Y llegados a este punto, identificados los buenos y los malos, con todos los actores de la tragedia en escena y la investigación avanzando, el lector sufre intentando predecir el desenlace, o más bien temiéndolo. Y claro, ya no es un thriller, ya nadie quiere que lo sea: la novela ha mutando en un relato íntimo por momentos, de ritmo contenido pero constante. Soberbio en su ambientación y en la construcción de personajes y motivaciones. Catalizador de tanta crítica social y tantas reflexiones que es imposible no implicarse emocionalmente con lo narrado.
El racismo y la doble moral recuerdan ineludiblemente a Matar a un ruiseñor de Harper Lee, una obra cumbre enmarcada en el mismo periodo histórico. Pero aquí, además, la autora explora factores tan importantes como los efectos de la soledad en el ser humano, la necesidad de pertenencia a una comunidad, la causa y las consecuencias del maltrato dentro del núcleo familiar, y la subjetividad moral del ser humano en función de sus prejuicios.

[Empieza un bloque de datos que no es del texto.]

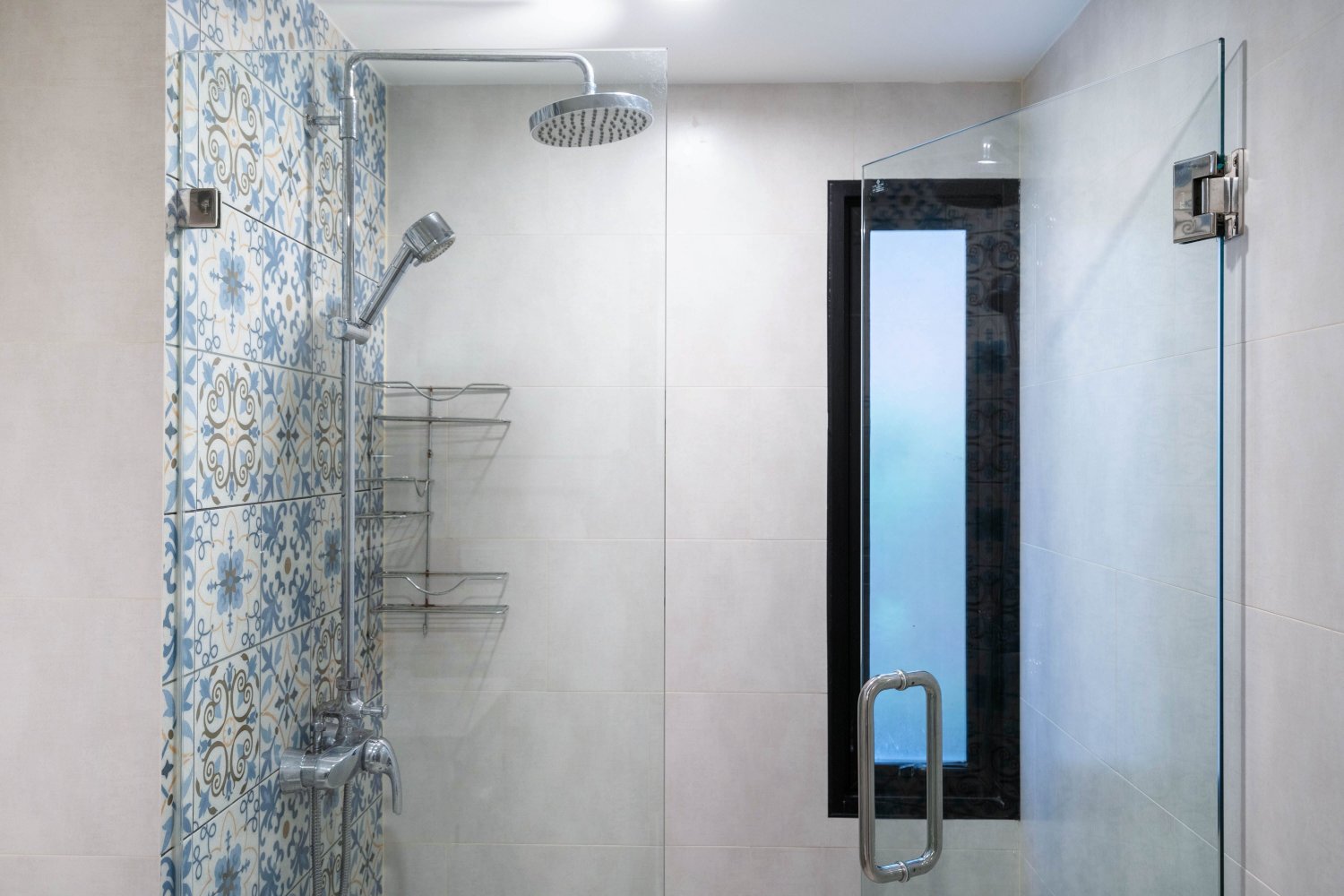 Property image - gallery 8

Leer esta novela supone una montaña rusa emocional en la que la pureza y la luminosidad de la protagonista enamoran y hacen sentir temor con cada obstáculo en su camino. Implica preferir la naturaleza en estado puro, con sus crueldades necesarias, frente a la civilización y sus maldades innecesarias. Obliga a comprender (no a justificar), a aquellos que obran mal. Leer esta novela supone crecer como persona.